▸ DIRECTIONS FOR THIS TASK
Beginning with the line that contains "Men's Peyton Neat", copy each remaining line of the data below exactly.

START THE DATA

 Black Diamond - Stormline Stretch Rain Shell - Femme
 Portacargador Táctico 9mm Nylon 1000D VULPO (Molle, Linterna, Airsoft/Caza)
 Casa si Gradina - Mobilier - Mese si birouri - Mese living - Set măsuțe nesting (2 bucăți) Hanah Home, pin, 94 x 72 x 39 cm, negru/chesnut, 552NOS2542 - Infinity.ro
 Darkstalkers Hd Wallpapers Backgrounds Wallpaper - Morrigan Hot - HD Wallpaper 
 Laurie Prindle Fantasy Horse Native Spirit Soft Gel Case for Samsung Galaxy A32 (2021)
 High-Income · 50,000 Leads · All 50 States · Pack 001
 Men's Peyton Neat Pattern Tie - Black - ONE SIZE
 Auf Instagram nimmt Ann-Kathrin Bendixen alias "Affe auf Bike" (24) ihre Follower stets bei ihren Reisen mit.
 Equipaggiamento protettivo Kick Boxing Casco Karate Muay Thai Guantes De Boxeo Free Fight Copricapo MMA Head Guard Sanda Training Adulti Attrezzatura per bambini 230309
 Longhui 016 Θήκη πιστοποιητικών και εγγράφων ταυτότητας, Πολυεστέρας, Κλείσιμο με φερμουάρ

END THE DATA

▸ FINISHED TASK
 Men's Peyton Neat Pattern Tie - Black - ONE SIZE
 Auf Instagram nimmt Ann-Kathrin Bendixen alias "Affe auf Bike" (24) ihre Follower stets bei ihren Reisen mit.
 Equipaggiamento protettivo Kick Boxing Casco Karate Muay Thai Guantes De Boxeo Free Fight Copricapo MMA Head Guard Sanda Training Adulti Attrezzatura per bambini 230309
 Longhui 016 Θήκη πιστοποιητικών και εγγράφων ταυτότητας, Πολυεστέρας, Κλείσιμο με φερμουάρ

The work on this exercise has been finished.